Many of these foster kids are special needs. When they arrive they're scared and out of their element. They they meet Mina.

Mina Airhart is KECI's newest local hero, nominated and given our community service award because of her years of dedication to children.

Mina Airhart feeds a little girl with special needs. You can bet she has barrels of baby food in the refrigerator. Always ready for children.

"I have bottles, diapers, clothes," said Mina, "they come with nothing."

It's always an emergency. They're usually taken from their parents, and Mina becomes their mom, at least for awhile.

"Our goal is to make sure that they can go back to their parents," said the caregiver, "if it's ever necessary."

Foster care is short-term. But Mina's kids stay 10 to 12 months with her. Saying goodbye is never easy.

"It's OK if you know they're going to a good home when they go back," said Mina.

She's always been a caregiver. Just ask her a little brother.

"Anything we need," said Steve Ehlers. "Mina's the one we call."

Big sisters in big families are that way.

Steve was only 7 when their dad was killed in a logging truck accident.
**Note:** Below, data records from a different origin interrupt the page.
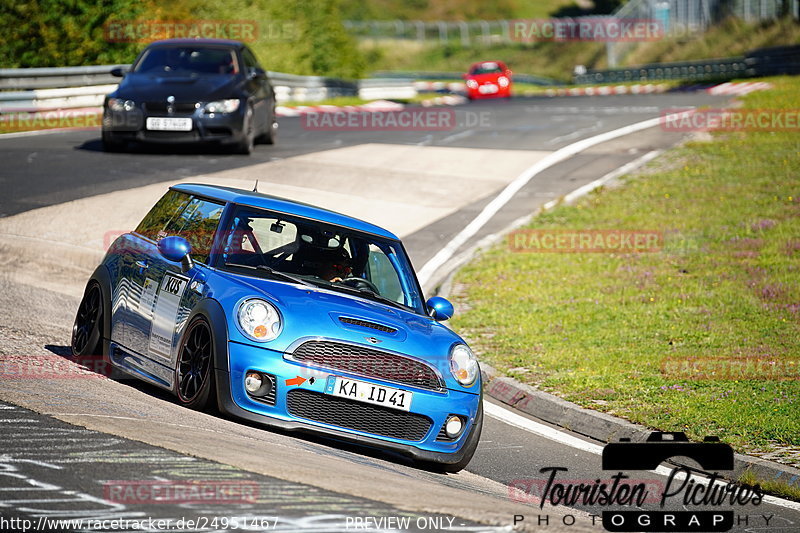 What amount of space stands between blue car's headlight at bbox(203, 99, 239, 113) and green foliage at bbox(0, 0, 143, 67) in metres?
12.6

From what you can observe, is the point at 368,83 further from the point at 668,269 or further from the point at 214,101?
the point at 668,269

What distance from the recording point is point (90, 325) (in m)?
8.55

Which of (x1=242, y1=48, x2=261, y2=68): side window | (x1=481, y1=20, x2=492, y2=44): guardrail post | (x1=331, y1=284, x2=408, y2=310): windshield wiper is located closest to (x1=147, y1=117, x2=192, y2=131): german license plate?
(x1=242, y1=48, x2=261, y2=68): side window

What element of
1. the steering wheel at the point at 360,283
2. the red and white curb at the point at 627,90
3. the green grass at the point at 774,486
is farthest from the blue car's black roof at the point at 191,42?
the red and white curb at the point at 627,90

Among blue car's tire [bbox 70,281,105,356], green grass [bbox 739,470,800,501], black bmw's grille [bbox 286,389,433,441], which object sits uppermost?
blue car's tire [bbox 70,281,105,356]

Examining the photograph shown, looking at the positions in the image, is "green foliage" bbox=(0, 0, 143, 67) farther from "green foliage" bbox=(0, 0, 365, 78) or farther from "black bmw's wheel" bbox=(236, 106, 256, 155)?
"black bmw's wheel" bbox=(236, 106, 256, 155)

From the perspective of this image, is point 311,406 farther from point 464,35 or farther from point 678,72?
point 464,35

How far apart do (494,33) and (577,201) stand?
3002 inches

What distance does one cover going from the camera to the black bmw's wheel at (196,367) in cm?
695

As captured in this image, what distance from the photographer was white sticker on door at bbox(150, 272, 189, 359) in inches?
295

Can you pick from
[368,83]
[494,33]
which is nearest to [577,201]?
[368,83]

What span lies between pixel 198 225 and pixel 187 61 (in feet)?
38.6

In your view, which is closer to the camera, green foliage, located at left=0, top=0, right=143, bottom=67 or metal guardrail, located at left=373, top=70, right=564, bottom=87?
green foliage, located at left=0, top=0, right=143, bottom=67

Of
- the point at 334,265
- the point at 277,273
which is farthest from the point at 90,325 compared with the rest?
the point at 334,265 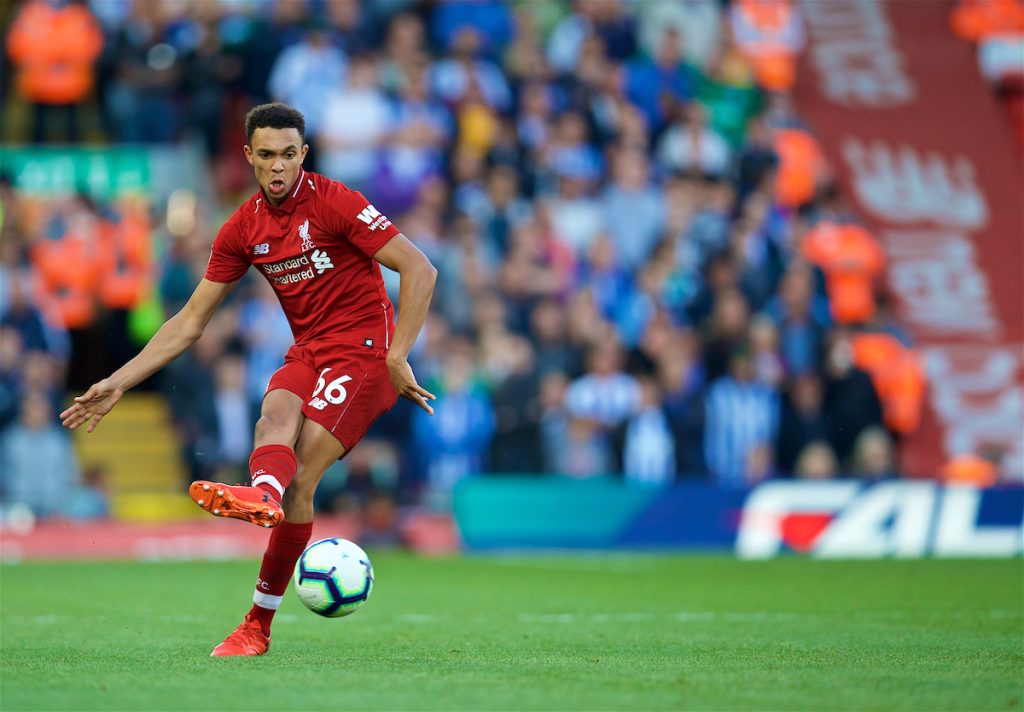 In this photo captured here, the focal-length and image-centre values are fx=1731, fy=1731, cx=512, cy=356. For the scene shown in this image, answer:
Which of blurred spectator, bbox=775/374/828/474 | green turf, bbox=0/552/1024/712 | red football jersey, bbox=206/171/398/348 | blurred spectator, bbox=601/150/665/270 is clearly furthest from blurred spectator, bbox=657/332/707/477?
red football jersey, bbox=206/171/398/348

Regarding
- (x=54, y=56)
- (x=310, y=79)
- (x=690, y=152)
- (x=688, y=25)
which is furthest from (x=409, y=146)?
(x=688, y=25)

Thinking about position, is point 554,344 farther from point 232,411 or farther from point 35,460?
point 35,460

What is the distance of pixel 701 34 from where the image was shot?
78.7ft

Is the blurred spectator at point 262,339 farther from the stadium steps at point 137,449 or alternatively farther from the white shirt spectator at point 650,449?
the white shirt spectator at point 650,449

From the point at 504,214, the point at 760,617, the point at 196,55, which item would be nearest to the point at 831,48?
the point at 504,214

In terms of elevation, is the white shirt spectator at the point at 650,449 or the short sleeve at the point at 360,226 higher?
the short sleeve at the point at 360,226

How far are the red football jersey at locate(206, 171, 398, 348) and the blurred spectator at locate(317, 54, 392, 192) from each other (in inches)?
Answer: 407

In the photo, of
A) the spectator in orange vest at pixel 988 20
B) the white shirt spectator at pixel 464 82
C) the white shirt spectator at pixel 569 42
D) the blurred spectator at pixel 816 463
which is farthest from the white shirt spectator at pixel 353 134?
the spectator in orange vest at pixel 988 20

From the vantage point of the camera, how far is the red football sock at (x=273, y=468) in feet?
24.8

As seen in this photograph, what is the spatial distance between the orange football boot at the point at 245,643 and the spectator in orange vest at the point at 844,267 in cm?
1294

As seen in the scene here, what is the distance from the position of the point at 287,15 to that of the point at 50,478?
249 inches

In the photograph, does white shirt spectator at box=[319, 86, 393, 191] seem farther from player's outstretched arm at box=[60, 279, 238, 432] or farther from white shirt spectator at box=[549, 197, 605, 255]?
player's outstretched arm at box=[60, 279, 238, 432]

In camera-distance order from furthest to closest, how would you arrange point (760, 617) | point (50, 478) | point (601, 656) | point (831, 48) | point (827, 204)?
point (831, 48) → point (827, 204) → point (50, 478) → point (760, 617) → point (601, 656)

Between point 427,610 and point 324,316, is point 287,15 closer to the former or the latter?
point 427,610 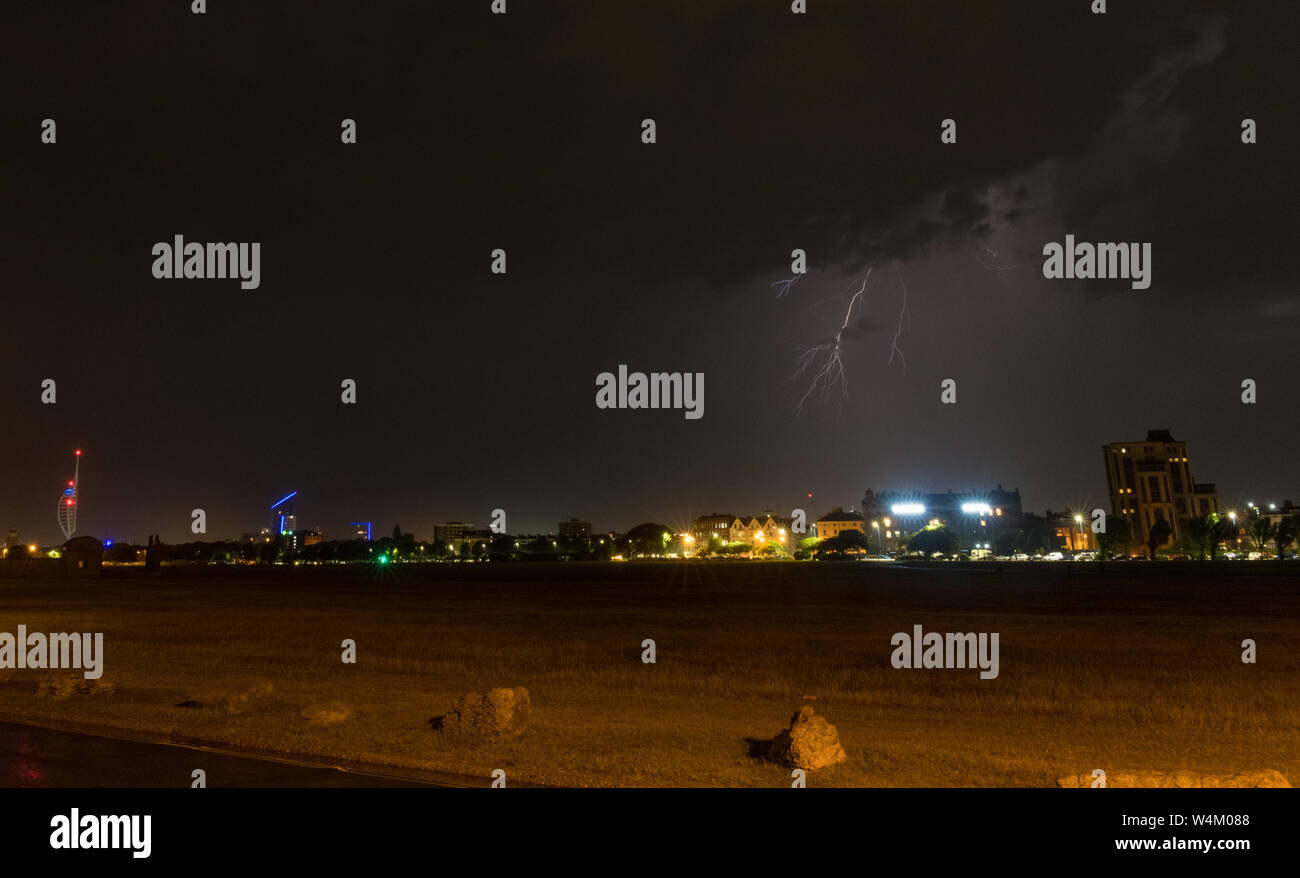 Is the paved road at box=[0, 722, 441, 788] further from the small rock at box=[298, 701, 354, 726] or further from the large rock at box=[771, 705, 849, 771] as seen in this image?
the large rock at box=[771, 705, 849, 771]

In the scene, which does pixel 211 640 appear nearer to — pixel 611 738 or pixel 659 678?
pixel 659 678

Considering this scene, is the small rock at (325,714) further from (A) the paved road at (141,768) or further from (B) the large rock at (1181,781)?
(B) the large rock at (1181,781)

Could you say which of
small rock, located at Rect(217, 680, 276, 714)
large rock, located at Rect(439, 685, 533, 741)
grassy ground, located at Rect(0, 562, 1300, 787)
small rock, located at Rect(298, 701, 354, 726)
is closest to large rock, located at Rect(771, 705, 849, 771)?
grassy ground, located at Rect(0, 562, 1300, 787)

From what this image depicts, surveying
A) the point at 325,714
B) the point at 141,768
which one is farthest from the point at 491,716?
the point at 141,768

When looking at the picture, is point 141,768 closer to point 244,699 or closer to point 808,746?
point 244,699

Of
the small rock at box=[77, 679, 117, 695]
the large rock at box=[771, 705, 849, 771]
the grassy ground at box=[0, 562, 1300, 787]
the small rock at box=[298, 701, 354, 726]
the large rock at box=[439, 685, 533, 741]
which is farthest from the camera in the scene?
the small rock at box=[77, 679, 117, 695]
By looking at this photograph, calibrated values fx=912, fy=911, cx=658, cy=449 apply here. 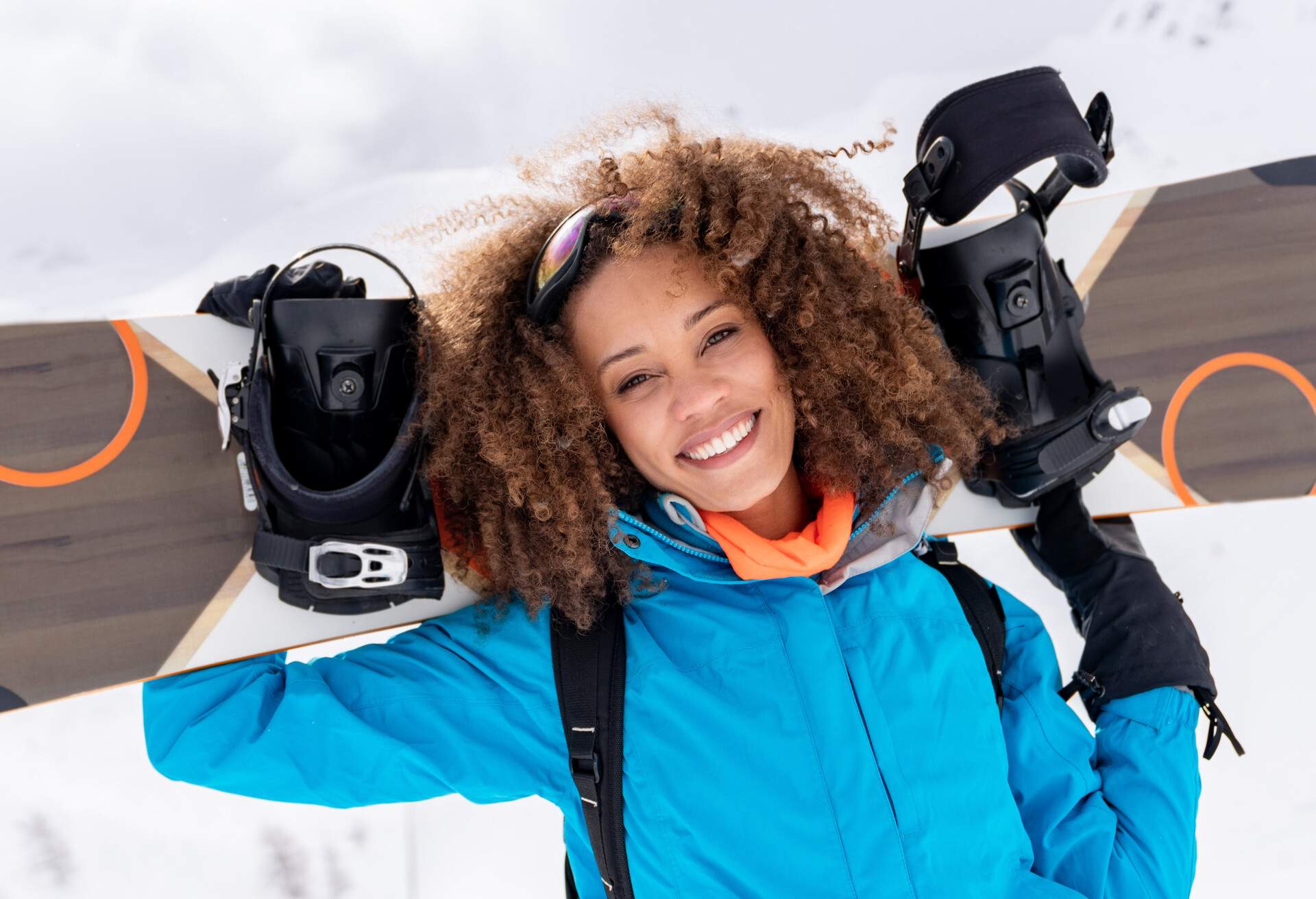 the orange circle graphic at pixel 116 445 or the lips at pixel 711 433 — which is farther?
the orange circle graphic at pixel 116 445

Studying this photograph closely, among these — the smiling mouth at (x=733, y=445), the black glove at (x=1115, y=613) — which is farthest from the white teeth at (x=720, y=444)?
the black glove at (x=1115, y=613)

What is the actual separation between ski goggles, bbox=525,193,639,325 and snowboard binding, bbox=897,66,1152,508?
60cm

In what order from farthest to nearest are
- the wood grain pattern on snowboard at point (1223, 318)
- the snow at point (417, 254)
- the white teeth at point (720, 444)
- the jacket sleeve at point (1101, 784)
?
the snow at point (417, 254) < the wood grain pattern on snowboard at point (1223, 318) < the jacket sleeve at point (1101, 784) < the white teeth at point (720, 444)

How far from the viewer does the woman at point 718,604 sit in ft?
5.05

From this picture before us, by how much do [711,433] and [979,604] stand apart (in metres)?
0.66

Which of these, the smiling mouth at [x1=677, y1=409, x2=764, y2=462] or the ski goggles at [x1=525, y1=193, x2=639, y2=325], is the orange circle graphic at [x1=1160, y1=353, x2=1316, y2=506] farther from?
the ski goggles at [x1=525, y1=193, x2=639, y2=325]

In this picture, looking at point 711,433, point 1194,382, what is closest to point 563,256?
point 711,433

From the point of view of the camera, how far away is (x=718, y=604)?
1.67 metres

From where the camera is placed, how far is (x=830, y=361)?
1.73 m

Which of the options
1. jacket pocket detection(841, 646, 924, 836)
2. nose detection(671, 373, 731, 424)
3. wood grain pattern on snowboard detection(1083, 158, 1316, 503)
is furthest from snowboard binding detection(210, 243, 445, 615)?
wood grain pattern on snowboard detection(1083, 158, 1316, 503)

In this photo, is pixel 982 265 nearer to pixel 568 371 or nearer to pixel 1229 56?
pixel 568 371

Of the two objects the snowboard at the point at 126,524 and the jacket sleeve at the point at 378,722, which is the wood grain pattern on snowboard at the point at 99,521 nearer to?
the snowboard at the point at 126,524

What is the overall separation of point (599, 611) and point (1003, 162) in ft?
3.59

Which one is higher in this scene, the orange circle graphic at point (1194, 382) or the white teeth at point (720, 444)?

Mina was 16.

"Mom finished raising the last four kids on her own and Mina was there to help," said Steve.

"My mom had to make a living so she started a day care," recalled Steve's older sister, "and I helped her with the kids."

Mina and her late husband did foster care for years. After his death, she kept on taking care of kids.

"I don't know what I would do if I didn't do foster care," she said.

Steve said his sister attracts kids with disabilities.

Mina has children of her own, and at least a dozen more who, for a short span of time, were her kids too.

Past foster youngsters still keep in touch.